Deux fois ravi

Il est un peu plus de 10 heures 30 et les élèves travaillent en silence un beau conte de Maupassant, Le Papa de Simon.
Désoeuvré, j’aperçois à travers la vitre de l’une des fenêtres aux cadres turquoise de la villa du Chemin du Mottier un vieil homme qui s’affaire. Dans le ciel file un merle à tire-d’aile, il stoppe son vol, pieds joints sur une branche basse de l’un des trois pins qui se dressent là, devant moi à deux pas… Je me réjouis.
Je me réjouis de ce que l’école, malgré l’orientation qu’elle a prise depuis le commencement, soit encore si proche de ceux qui n’y sont plus et que j’aperçois de temps à autre par les grandes baies vitrées de la classe, enchanté que l’école se dresse en compagnie des arbres et des merles à l’air libre.
Tandis que les élèves s’enfoncent dans une petite ville de province et rejoignent Simon au bord de la rivière, Philippe Remy dans sa forge, Blanchotte dans la chambre, je demeure la tête hors de l’eau, perds le fil de ce pourquoi je suis là, observe les feuillus, nus, qui se dressent dans la pelouse interdite, je devine plus loin le Gros-de-Vaud, le Jura et l’Amérique.
Dans le même temps pourtant, je me sens abandonné, exclu du monde, habité par le sentiment tenace de jouer une partie dans une réalité moindre. J’aimerais être ailleurs, dans le bruit du monde ou le creux des ravins, vivre à mon tour et ne rien attendre, obtenir l’immédiat et m’en suffire.
Comme souvent alors je songe à quelques mots d’Yves Bonnefoy qui me suivent depuis tant d’années.
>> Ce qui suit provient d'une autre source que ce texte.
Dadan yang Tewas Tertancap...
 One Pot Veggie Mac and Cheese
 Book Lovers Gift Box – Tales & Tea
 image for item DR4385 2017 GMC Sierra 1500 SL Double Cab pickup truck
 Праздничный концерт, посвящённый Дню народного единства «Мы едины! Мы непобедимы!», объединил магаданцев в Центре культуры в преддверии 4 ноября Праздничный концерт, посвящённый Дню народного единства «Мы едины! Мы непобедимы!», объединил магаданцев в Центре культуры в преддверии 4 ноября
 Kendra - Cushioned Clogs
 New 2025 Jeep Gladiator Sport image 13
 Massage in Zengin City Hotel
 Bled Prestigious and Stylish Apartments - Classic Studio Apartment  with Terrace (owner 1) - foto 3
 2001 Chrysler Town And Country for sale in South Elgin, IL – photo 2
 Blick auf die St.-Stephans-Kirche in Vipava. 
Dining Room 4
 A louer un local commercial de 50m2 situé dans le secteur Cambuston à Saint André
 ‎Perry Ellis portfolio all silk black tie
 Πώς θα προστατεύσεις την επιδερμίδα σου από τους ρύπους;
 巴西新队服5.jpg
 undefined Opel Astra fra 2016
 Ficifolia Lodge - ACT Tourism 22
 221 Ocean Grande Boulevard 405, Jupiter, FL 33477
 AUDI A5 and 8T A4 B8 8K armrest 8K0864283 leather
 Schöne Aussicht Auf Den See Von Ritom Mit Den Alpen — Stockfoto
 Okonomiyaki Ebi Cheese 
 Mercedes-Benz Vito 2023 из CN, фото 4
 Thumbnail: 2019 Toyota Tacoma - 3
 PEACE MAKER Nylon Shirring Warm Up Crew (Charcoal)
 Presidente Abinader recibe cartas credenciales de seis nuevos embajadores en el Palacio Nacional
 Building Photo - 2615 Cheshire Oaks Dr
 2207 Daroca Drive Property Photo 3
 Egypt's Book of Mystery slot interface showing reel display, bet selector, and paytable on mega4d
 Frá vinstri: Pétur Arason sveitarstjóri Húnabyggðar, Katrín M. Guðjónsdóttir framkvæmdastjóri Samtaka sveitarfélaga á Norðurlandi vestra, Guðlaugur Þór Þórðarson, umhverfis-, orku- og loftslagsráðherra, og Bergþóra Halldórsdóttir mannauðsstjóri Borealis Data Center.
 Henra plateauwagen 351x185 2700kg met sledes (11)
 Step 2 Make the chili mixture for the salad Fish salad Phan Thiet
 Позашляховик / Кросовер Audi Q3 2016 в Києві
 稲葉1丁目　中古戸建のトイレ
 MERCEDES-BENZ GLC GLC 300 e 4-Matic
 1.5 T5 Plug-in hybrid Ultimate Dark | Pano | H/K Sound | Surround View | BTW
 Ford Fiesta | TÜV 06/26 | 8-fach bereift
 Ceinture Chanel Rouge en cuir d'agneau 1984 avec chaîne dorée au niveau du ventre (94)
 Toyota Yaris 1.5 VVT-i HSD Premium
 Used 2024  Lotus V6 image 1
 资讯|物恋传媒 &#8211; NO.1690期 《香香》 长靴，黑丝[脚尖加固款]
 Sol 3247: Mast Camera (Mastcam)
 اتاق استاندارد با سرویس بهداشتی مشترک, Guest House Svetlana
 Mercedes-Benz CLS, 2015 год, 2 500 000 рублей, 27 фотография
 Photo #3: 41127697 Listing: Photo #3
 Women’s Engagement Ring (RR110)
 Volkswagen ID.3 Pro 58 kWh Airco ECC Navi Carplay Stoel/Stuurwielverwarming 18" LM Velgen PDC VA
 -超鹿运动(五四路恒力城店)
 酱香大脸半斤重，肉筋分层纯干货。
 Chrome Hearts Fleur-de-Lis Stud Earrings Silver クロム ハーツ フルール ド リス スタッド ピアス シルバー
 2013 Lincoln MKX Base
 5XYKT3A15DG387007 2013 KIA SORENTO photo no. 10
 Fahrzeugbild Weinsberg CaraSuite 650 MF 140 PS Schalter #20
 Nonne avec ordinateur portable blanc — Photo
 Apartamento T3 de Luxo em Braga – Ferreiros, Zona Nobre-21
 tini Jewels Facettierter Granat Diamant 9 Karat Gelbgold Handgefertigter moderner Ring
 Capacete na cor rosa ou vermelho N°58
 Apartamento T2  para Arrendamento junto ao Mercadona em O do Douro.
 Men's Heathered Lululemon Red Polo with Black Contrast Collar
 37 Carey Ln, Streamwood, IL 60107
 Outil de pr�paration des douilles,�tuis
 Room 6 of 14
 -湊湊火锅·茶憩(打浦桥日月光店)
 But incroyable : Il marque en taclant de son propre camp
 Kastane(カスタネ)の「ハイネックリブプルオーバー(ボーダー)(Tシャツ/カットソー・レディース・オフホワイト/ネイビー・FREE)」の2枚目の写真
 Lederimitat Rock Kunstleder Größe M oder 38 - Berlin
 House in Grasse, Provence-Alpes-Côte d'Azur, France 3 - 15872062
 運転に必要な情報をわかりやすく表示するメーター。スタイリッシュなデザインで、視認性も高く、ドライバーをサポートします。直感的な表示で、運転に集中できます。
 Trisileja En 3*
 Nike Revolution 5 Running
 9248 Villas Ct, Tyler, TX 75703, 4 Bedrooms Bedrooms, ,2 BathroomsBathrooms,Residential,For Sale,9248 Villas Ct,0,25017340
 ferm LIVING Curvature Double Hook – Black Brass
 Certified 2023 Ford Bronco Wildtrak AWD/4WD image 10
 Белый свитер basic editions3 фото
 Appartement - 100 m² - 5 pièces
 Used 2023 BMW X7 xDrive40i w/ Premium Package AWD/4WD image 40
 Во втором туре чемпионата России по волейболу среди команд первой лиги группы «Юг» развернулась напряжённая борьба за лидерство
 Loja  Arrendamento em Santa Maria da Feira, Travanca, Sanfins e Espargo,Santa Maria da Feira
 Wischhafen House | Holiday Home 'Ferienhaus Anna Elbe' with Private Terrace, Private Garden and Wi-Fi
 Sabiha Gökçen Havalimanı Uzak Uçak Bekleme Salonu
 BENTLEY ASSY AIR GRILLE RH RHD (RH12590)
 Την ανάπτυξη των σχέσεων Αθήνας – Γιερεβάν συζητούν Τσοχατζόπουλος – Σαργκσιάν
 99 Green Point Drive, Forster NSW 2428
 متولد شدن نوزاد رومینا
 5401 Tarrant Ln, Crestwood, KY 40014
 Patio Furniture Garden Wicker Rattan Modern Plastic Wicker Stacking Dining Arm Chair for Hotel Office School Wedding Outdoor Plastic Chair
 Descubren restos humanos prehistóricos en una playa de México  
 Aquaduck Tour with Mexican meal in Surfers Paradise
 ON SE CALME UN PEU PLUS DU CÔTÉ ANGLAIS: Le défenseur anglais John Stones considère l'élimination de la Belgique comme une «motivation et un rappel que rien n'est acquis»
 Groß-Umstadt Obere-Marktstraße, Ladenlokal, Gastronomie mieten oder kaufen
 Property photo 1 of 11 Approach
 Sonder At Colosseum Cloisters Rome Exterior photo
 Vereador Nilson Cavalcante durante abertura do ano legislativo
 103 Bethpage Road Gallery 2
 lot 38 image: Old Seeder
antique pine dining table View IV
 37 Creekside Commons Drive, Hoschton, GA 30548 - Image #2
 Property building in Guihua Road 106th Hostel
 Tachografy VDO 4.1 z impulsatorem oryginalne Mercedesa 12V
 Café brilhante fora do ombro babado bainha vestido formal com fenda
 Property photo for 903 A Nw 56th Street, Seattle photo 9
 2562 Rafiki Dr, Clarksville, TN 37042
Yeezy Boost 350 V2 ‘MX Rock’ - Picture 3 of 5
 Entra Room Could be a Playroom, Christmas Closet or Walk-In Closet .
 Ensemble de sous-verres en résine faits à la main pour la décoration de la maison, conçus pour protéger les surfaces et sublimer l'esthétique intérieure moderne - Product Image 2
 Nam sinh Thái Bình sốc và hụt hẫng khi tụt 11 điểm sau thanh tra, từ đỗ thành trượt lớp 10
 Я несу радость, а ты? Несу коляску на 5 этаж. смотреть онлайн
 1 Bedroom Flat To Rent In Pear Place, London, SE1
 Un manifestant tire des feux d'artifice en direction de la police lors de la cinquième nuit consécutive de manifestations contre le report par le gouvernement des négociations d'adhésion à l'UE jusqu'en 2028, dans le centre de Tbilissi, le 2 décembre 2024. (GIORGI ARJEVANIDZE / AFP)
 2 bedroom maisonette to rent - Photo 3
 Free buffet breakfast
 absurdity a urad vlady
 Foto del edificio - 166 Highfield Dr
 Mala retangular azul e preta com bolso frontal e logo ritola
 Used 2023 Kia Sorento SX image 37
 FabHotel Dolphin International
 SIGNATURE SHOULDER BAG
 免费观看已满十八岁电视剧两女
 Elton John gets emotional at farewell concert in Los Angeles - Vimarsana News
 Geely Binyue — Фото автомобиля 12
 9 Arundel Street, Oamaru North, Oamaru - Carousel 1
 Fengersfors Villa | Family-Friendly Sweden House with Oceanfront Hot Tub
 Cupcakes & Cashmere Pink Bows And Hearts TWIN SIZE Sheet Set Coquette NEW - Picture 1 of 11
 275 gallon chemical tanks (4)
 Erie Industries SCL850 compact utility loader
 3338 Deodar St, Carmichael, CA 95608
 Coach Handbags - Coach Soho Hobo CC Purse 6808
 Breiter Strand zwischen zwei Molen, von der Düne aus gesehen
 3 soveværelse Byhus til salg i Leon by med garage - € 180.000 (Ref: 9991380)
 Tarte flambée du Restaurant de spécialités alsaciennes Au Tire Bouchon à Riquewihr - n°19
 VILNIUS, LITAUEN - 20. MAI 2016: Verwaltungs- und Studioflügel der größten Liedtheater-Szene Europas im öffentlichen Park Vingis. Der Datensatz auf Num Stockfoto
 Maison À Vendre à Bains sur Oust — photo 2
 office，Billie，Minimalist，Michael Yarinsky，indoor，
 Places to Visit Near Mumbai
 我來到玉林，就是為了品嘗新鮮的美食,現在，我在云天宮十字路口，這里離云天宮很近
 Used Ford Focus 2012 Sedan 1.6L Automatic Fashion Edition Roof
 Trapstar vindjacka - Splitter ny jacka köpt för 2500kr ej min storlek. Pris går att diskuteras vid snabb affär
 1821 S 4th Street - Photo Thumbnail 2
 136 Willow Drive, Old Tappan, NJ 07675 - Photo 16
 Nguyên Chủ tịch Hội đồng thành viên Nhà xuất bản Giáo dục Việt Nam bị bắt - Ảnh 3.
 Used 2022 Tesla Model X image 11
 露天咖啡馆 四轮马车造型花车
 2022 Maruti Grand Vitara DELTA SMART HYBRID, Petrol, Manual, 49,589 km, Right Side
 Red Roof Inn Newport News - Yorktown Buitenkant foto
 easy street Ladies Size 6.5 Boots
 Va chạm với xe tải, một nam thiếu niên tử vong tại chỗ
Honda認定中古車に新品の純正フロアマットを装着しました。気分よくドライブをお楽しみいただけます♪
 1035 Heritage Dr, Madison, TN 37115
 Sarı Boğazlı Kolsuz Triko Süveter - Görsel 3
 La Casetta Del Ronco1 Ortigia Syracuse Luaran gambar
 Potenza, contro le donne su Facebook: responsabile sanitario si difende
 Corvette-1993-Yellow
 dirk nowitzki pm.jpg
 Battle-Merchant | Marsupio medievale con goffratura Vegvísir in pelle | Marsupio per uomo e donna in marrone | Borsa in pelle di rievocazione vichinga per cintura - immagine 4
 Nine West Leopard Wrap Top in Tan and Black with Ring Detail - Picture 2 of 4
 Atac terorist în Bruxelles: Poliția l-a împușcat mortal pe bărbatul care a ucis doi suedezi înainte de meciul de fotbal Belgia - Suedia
Il me semble dans ces moments qu’en ce lieu ou presque: là, à deux pas sur la voie que je n’ai pas prise et dont déjà je m’éloigne, oui, c’est là que s’ouvrait un pays d’essence plus haute, où j’aurais pu aller vivre et que désormais j’ai perdu.

Yves Bonnefoy, L’Arrière-Pays
Albert Skira, Paris, 1972

Le mirage a creusé un manque qui m’a écarté de la route, il m’a déposé nulle part, à deux pas de mes rêves, plus proche que jamais des êtres qui s’éloignent.